CRÓNICAS LUSO-TROPICAIS
8. GILBERTO FREYRE E O LUSO-TROPICALISMO
CRÍTICAS E MÉRITOS (V)
Outra das resistências ao luso-tropicalismo, advém da ênfase que Freyre dá à componente árabe e africana na constituição do caráter nacional português, o que contrariava a perspetiva que em geral se defendia em Portugal, a começar pelo ensino, de valorizar quase predominantemente a reconquista cristã e, por arrastamento, a influência europeia.
Esta resistência está interrelacionada com outra, a da miscigenação que, nomeadamente nas décadas de 30 e 40, era tida como de consequências negativas, uma vez que os mestiços eram tidos como biologicamente inferiores. Chegou-se a defender o povoamento das colónias africanas por gentes brancas e numerosas, de ambos os sexos, para evitar a mistura das raças (colonização étnica). Mistura racial que Vicente Ferreira e Armindo Monteiro, entre outros, não aceitavam, distanciando-se de GF, pelo que a experiência brasileira da mestiçagem não se podia repetir no império colonial português. Apenas com o início da guerra em Angola e a ida de Adriano Moreira para o Ministério do Ultramar, houve a promulgação de medidas legislativas inspiradas no luso-tropicalismo.
Já o reconhecimento da especial capacidade dos portugueses para a colonização mereceu aceitação unânime, desde sempre, no Estado Novo.
Mas será a partir da década de 50 que o pensamento Gilbertiano terá uma receção mais favorável, após a segunda grande guerra mundial, quando os impérios coloniais europeus entram em declínio e se começa a dar mais importância à sua produção literária e teórica.
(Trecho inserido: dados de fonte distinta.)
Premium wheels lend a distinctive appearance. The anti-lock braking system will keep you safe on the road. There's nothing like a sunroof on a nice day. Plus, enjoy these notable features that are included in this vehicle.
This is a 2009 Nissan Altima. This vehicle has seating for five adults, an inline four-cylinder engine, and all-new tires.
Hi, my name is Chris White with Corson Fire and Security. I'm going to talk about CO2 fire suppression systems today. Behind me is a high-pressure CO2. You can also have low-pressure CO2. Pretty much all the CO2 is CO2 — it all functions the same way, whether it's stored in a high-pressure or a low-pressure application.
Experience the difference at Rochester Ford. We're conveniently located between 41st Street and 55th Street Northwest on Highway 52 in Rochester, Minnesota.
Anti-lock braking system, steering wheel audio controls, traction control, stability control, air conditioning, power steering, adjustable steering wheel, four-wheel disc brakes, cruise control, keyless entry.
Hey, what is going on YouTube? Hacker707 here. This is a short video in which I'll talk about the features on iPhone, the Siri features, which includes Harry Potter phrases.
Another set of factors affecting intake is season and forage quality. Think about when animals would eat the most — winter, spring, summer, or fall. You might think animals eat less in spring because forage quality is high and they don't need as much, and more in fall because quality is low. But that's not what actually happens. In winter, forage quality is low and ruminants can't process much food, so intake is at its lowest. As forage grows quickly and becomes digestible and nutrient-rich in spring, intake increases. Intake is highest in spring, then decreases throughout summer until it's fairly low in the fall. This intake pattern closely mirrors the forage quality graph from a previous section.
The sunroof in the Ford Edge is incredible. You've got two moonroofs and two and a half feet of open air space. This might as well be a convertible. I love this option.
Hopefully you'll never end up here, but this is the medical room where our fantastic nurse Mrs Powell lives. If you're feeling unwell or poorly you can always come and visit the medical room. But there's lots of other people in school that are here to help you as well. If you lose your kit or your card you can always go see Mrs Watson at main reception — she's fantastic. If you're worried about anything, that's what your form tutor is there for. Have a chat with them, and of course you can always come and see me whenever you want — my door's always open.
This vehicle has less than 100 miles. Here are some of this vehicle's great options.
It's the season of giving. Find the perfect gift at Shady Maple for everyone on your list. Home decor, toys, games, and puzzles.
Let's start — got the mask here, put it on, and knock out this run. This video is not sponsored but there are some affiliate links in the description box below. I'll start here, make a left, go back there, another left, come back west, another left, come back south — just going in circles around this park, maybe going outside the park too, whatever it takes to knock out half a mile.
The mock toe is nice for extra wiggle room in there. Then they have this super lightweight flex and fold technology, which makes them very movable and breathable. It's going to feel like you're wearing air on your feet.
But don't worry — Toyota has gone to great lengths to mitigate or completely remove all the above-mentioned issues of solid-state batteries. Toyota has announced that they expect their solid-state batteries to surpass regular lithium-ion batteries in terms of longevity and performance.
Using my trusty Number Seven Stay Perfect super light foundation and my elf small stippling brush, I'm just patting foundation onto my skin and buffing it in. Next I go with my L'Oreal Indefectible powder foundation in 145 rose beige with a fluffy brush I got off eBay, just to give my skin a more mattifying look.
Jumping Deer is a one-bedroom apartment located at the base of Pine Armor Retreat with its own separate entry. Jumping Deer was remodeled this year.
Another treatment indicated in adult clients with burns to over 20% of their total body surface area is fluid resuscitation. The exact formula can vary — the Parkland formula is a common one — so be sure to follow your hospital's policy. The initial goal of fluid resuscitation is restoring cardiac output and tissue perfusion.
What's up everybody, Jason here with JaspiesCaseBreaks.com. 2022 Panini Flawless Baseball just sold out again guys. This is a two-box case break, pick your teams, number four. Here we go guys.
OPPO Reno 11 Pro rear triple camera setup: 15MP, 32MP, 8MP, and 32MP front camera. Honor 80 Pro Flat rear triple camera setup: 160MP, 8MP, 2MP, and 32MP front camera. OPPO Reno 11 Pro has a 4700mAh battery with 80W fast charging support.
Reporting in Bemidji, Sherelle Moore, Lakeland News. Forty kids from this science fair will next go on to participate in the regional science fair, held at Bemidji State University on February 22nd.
Todavia, mesmo nessa época, o luso-tropicalismo nunca foi tido como discurso oficial do Estado Novo. Sendo este nacionalista, as facetas desnacionalizadoras do pensamento de Freyre foram esquecidas, desde a valorização simultânea dos contributos africanos, ameríndios, europeus e orientais, até à não aceitação de uma congregação dos povos de Língua Portuguesa em que fosse preponderante o predomínio do Brasil.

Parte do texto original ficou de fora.